• [EXERCISE DETAILS]: When you reach the line below that has "Slide: The Image of Aluminum fuel tanks - 67", start returning lines exactly, and stop after the line that has "Impressionen vom größten"; skip the pictures.

::: AVAILABLE DATA

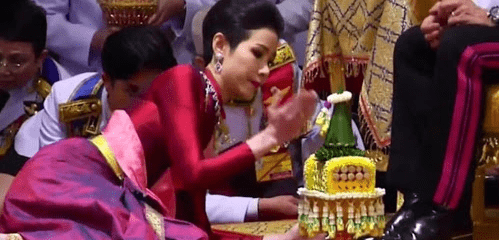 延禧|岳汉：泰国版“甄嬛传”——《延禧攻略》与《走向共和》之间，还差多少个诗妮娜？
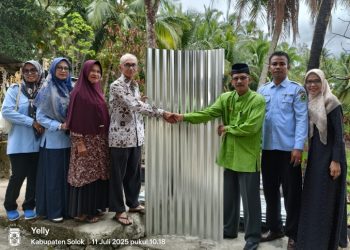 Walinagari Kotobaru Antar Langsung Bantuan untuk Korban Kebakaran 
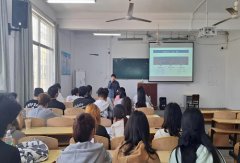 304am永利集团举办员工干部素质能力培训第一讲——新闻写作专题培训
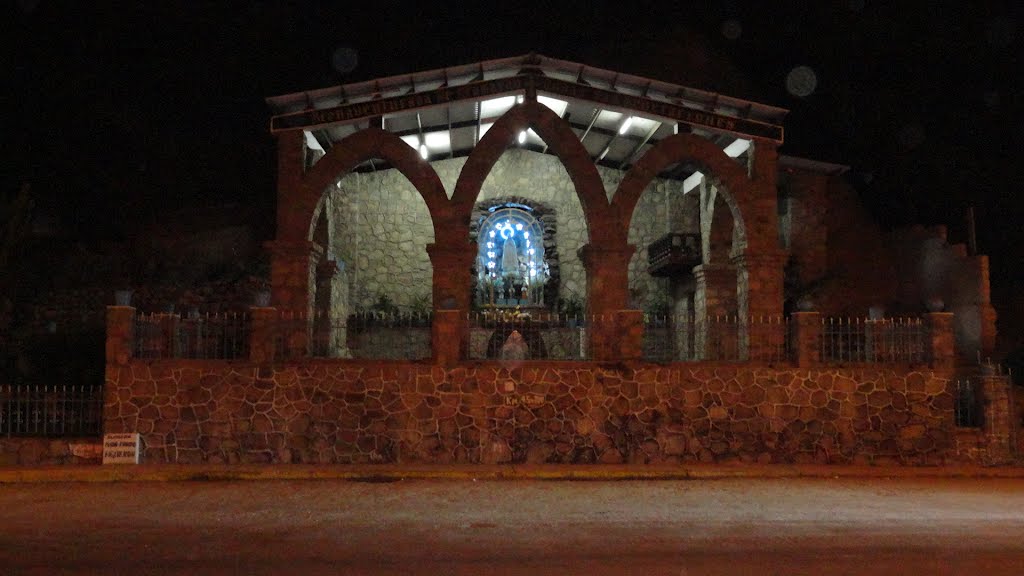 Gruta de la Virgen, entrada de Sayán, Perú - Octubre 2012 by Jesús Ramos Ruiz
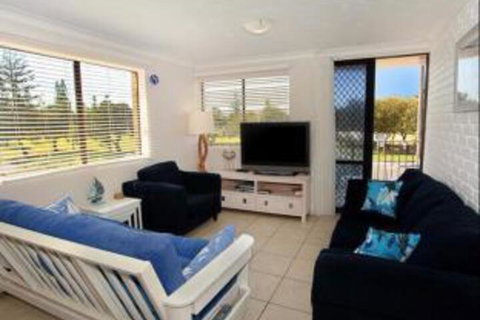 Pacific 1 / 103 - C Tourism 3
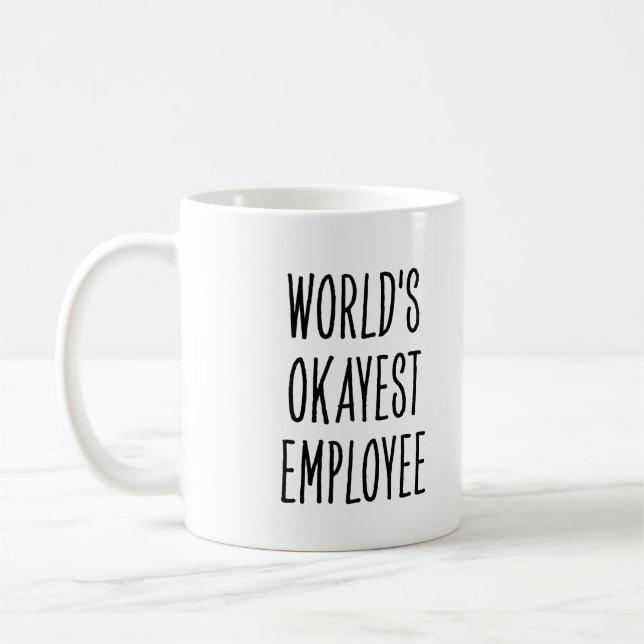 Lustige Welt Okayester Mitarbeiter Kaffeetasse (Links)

::::::
::: AVAILABLE DATA

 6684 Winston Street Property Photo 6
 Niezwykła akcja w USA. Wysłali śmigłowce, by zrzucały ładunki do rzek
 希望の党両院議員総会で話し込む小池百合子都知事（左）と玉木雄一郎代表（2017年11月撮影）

::::::
::: AVAILABLE DATA

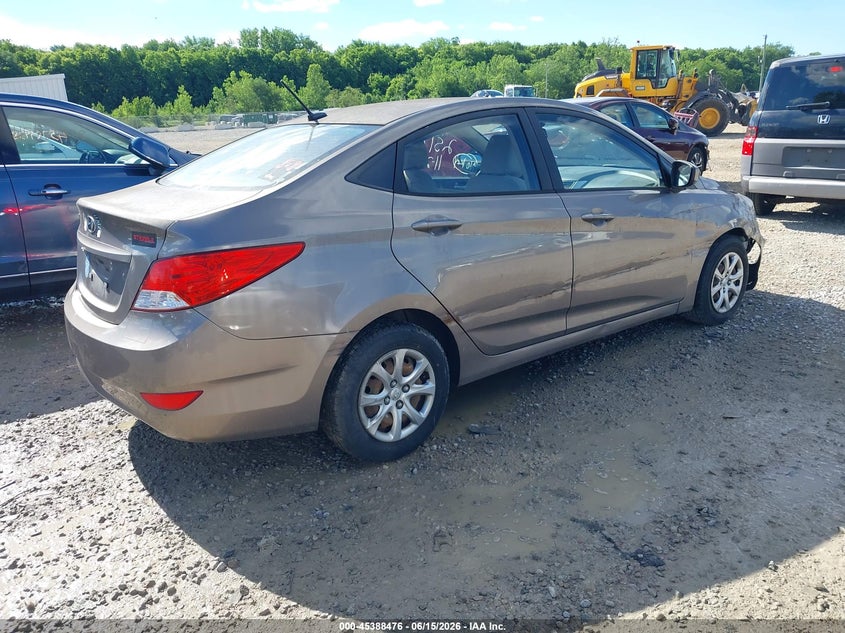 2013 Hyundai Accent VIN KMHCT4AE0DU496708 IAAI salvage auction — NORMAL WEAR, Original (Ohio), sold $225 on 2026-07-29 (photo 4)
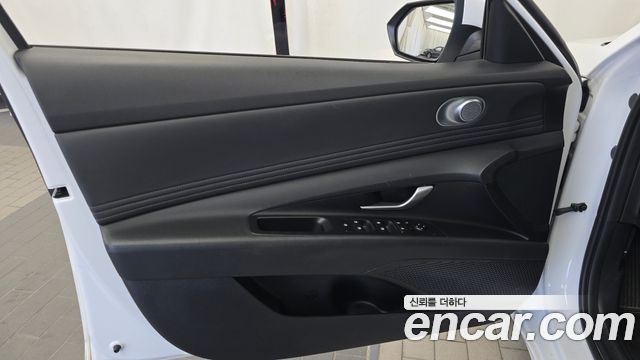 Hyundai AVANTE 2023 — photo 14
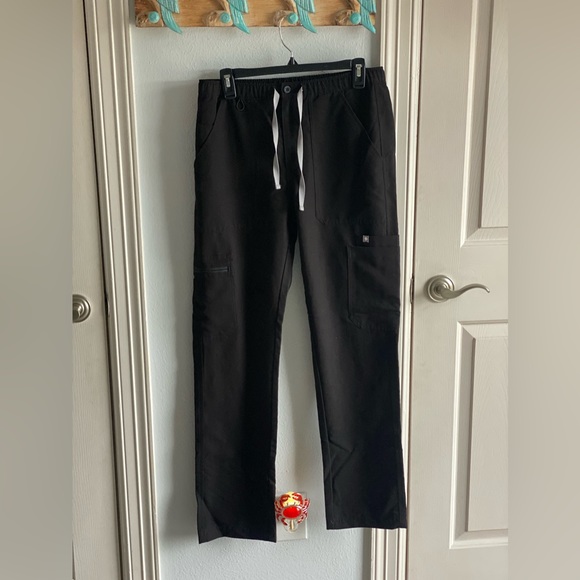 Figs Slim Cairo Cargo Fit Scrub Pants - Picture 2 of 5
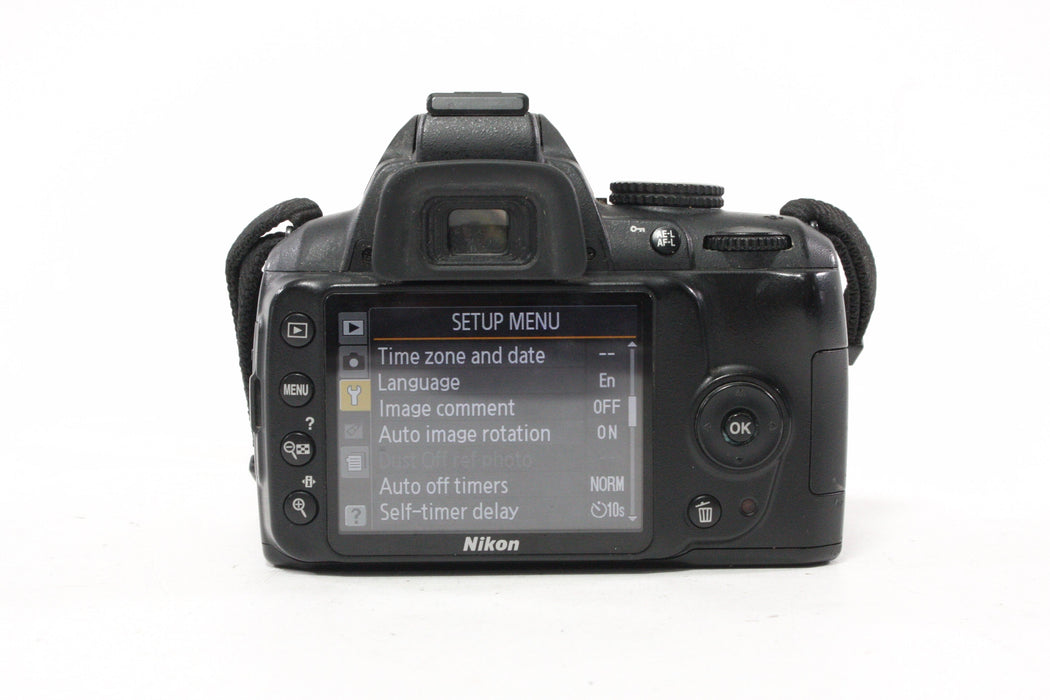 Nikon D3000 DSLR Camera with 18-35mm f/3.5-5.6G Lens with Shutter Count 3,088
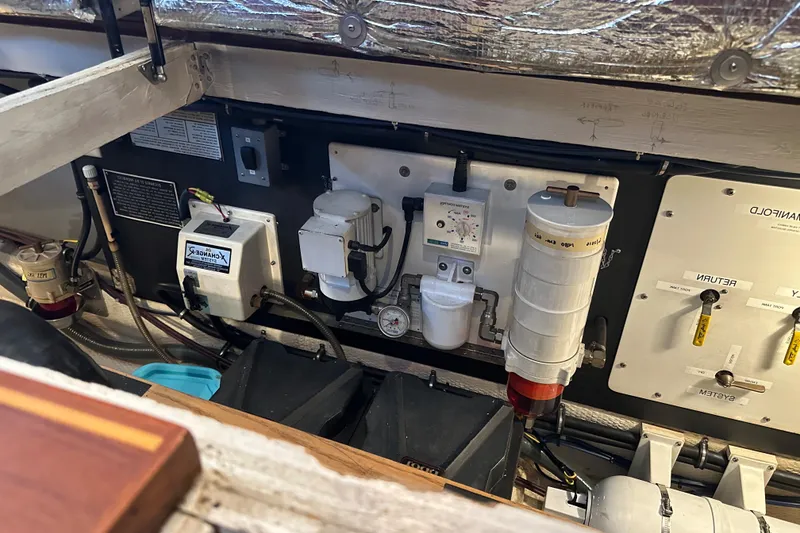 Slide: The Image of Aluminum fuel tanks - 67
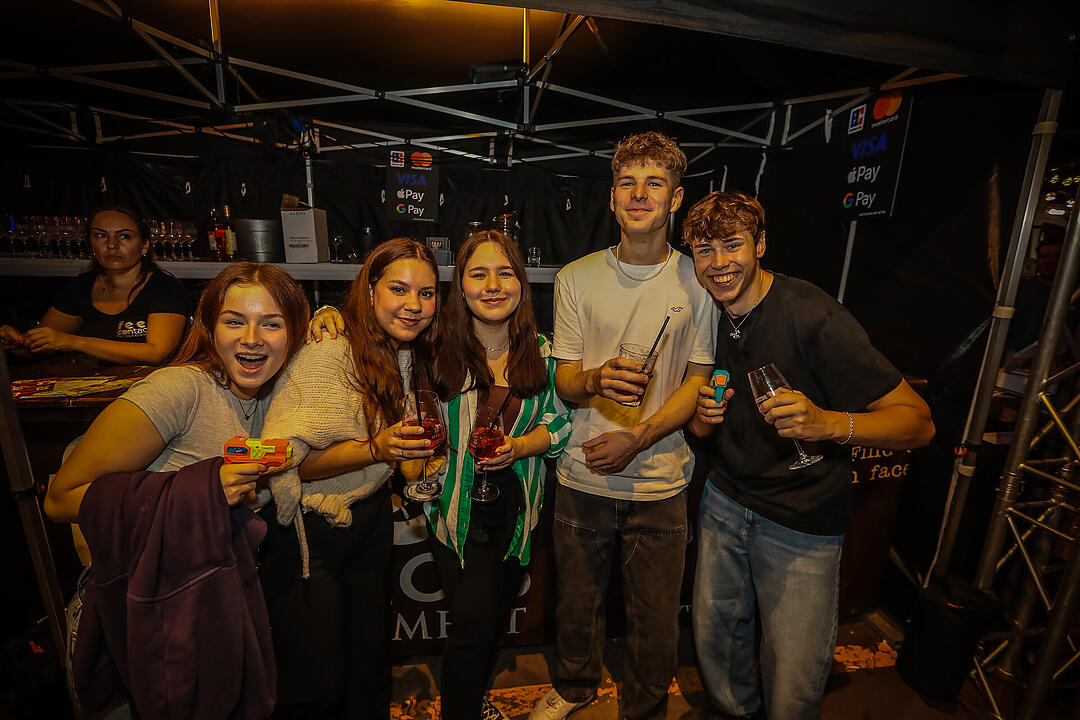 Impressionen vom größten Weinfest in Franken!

::::::

• [ANSWER BOX]:
 Slide: The Image of Aluminum fuel tanks - 67
 Impressionen vom größten Weinfest in Franken!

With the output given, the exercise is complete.